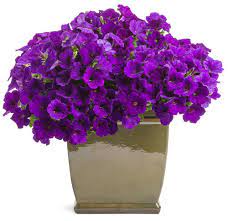 Bobo ® hydrangea is engulfed by large white flowers in summer. Top 50 Best Selling Annuals Proven Winners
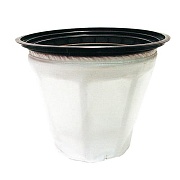 Фильтр-корзина в сборе IPC/Soteco. 02943KTRI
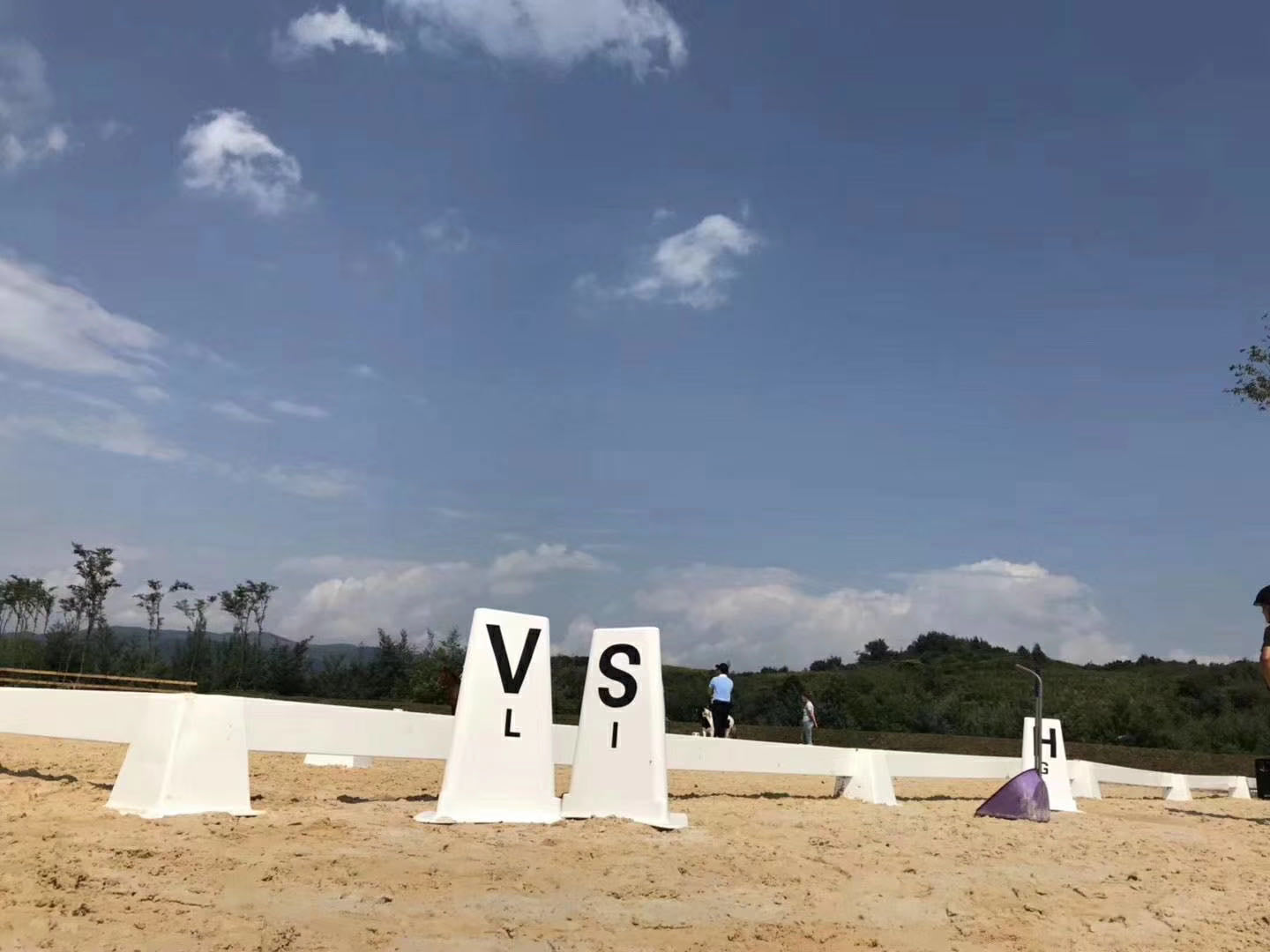 How to Create the Perfect Riding Arena: The Definitive Guide to PVC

------------------------------------------------------------

■ **What you should do**: Output the whole of the data, unchanged; keep the pictures out.

■ **Completed task**:
 Bobo ® hydrangea is engulfed by large white flowers in summer. Top 50 Best Selling Annuals Proven Winners
 Фильтр-корзина в сборе IPC/Soteco. 02943KTRI
 How to Create the Perfect Riding Arena: The Definitive Guide to PVC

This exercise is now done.